L'État fait l'objet de la troisième subdivision. Organisée en treize chapitres, elle pose plusieurs interrogations bien qu'elle demeure relativement classique. Les articles sont numérotés de 1 à 47. Les premiers articles concernent l'Assemblée nationale. Je regrette que le Sénat, prévu dans l'ancienne Constitution, ne soit pas mentionné. J'estime qu'il n'existe pas de véritable démocratie sans bicamérisme, quelle que soit la taille du pays. Même dans des pays scandinaves, une seconde chambre existe, composée d'anciens ministres, d'anciens responsables syndicaux, de hauts fonctionnaires. Les dysfonctionnements qui ont pu apparaître du fait de l'excès de majorité auraient pu être corrigés s'il existait en Hongrie une seconde chambre, composée différemment. La Constitution hongroise actuelle me rappelle étrangement la Constitution française d'avril 1946. Le chapitre suivant présente le rôle du Président de la République, relativement restreint tel que l'était celui du Président de la IV ème République française. Les dispositions relatives au gouvernement me semblent creuses, comme dans la plupart des constitutions. Les autorités indépendantes de régulation, objet du chapitre suivant, ne sont pas citées nommément, tout comme dans la Constitution française. La disposition concernant la Cour constitutionnelle précise que celle-ci statue préalablement à l'adoption de la loi, mais également a posteriori , à la demande d'un tribunal. L'encombrement de la Cour constitutionnelle en Hongrie mentionné par Monsieur l'Ambassadeur provient certainement du fait que la Constitution n'a pas prévu suffisamment de freins pour limiter les recours. Les chapitres suivants portent respectivement sur les tribunaux, le médiateur pour la défense des droits, les collectivités locales, les finances publiques, l'armée, la police et la sécurité (dont la présence dans la constitution me semble étrange) et enfin, la décision d'intervention militaire à l'étranger.

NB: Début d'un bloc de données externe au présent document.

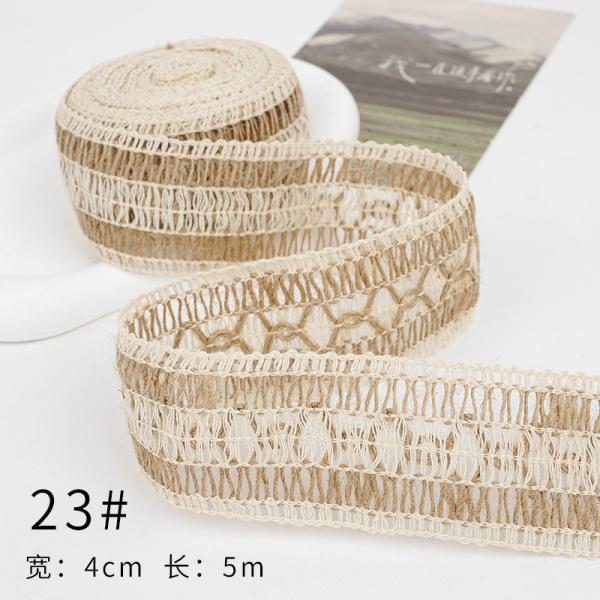 Рождественская коричневая ленточка из лопатки 5 мм-45 мм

Vous aurez noté que la révision constitutionnelle ne figure pas dans les dispositions relatives à l'État. Il est précisé, dans la première subdivision, que l'Assemblée nationale peut modifier la Loi fondamentale si elle obtient la majorité des deux tiers. Cette disposition, qui rappelle encore une fois la Constitution française d'avril 1946, est problématique : si une assemblée disposant d'une telle majorité pourra modifier très facilement la Constitution, une assemblée disposant d'une majorité simple sera dans l'impossibilité de le faire.

Il est par ailleurs étonnant que les lois organiques soient adoptées à la majorité des deux tiers, tout comme les lois constitutionnelles, bien que le quorum ne soit pas le même. Une modification a été apportée dans le quatrième amendement pour clarifier les conditions de recours à ces lois.

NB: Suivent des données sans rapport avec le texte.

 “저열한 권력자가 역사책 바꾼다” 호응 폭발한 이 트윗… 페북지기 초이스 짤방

La quatrième subdivision présente les ordres juridiques spéciaux, au nombre de cinq : l'état d'exception, l'état d'urgence, l'état de défense préventive, l'état d'agression imprévue et l'état de danger.

Pour terminer, vingt-huit articles sont consacrés aux dispositions finales, à valeur constitutionnelle.

La Loi fondamentale de la Hongrie est passionnante. Originale et complexe, elle est unique parmi les Constitutions des États ayant accédé à la démocratie après la chute du régime communiste.

Je signalerai quelques particularités du droit hongrois, qui me semblent d'actualité en France. La première concerne le foetus, dont la Constitution déclare qu'il est un être vivant dès sa conception. La seconde concerne le mariage, dont la Constitution précise qu'il s'agit de l'union d'un homme et d'une femme, qui doit être protégée par la loi. Cette disposition, qui existe également dans la Constitution de la Pologne, démontre que la conception du mariage n'est pas la même dans tous les pays de l'Union européenne et qu'en vertu du droit constitutionnel hongrois, la loi sur l'ouverture du mariage aux couples de même sexe ne pourrait pas être adoptée en Hongrie.

M. Pierre DELVOLVÉ

Une fois de plus, M. Patrice Gélard nous démontre par son intervention sa parfaite maîtrise du droit constitutionnel des États de l'Europe centrale et sa parfaite connaissance du contenu de la Loi fondamentale de la Hongrie.